-- What you are asked to do --
Output the data below exactly, without images.

-- Data for processing --
"""

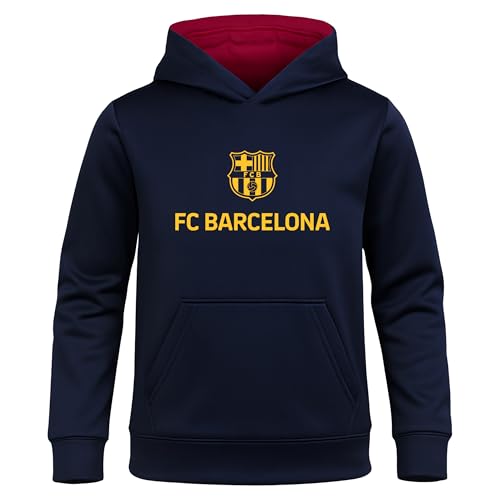 FC Barcelona Kids Pullover Hoodie - Unisex Officially Licensed Soccer Apparel - Navy Small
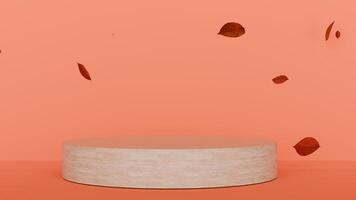 An empty pedestal on a pink background with red petals photo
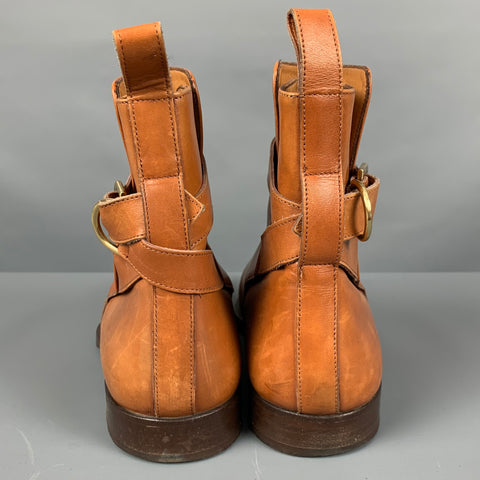 RALPH LAUREN Taille 9 Bottines à bride en cuir camel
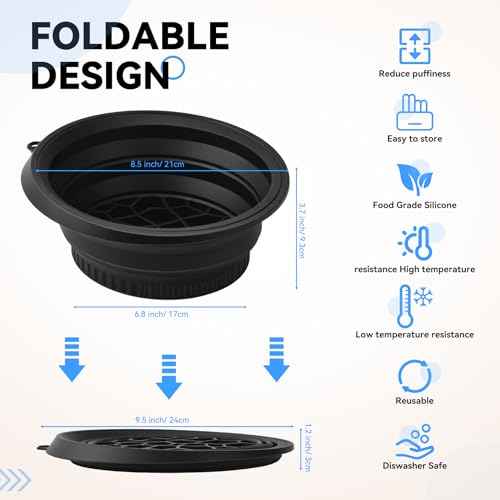 Face Bowl for Ice with Built-in Icetray, Foldable Silicone Facial Plunge Bowls, for Home Ice Bath Washbasin, Black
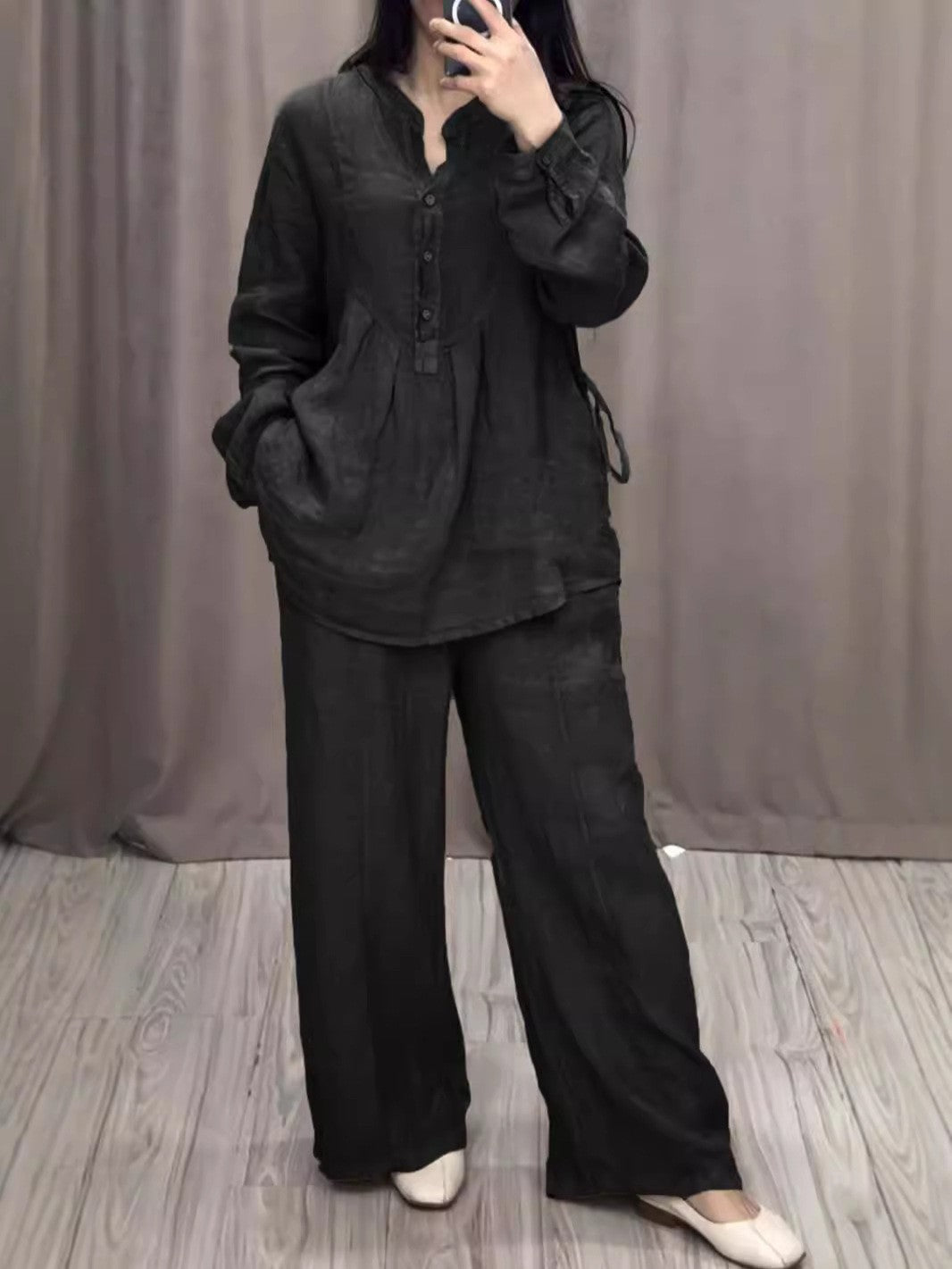Autumn Comfortable Cotton Linen Long Sleeve Half Pleating Fashion Casual Suit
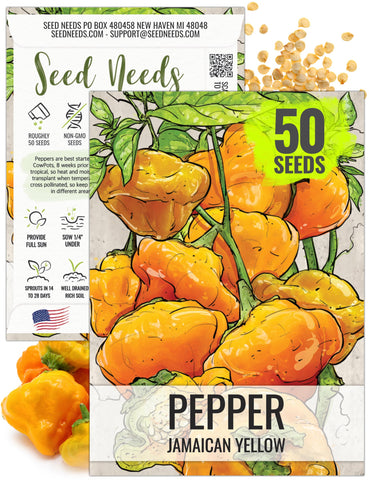 Seed Needs Jamaican Yellow Chile seed pack front for planning a warm-season garden.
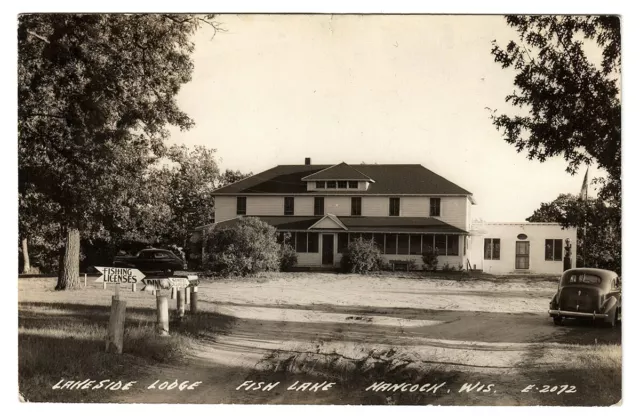 Vintage Real Photo Postcard Lakeside Lodge Fish Lake Hancock Wisconsin WI RPPC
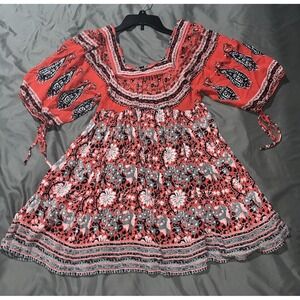 Free People Midsummers Dream Dress in Poppy Combo Women's Size Small Tie Sleeves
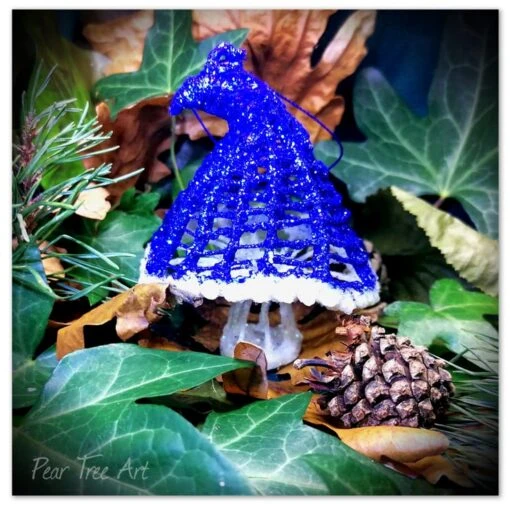 Blue Toadstool Christmas Decoration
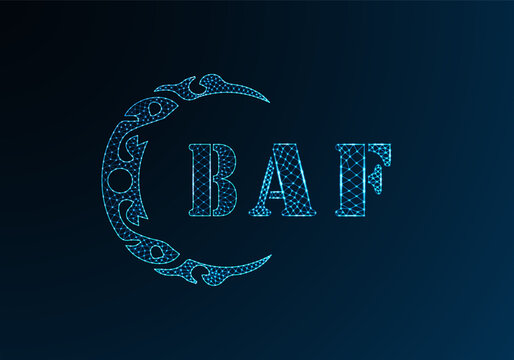 Low poly letter logo BAF design. BAF letter logo low poly vector design on blue color gradient background. BAF logo low poly design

"""

-- Answer below --
 FC Barcelona Kids Pullover Hoodie - Unisex Officially Licensed Soccer Apparel - Navy Small
 An empty pedestal on a pink background with red petals photo
 RALPH LAUREN Taille 9 Bottines à bride en cuir camel
 Face Bowl for Ice with Built-in Icetray, Foldable Silicone Facial Plunge Bowls, for Home Ice Bath Washbasin, Black
Autumn Comfortable Cotton Linen Long Sleeve Half Pleating Fashion Casual Suit
 Seed Needs Jamaican Yellow Chile seed pack front for planning a warm-season garden.
 Vintage Real Photo Postcard Lakeside Lodge Fish Lake Hancock Wisconsin WI RPPC
 Free People Midsummers Dream Dress in Poppy Combo Women's Size Small Tie Sleeves
 Blue Toadstool Christmas Decoration
 Low poly letter logo BAF design. BAF letter logo low poly vector design on blue color gradient background. BAF logo low poly design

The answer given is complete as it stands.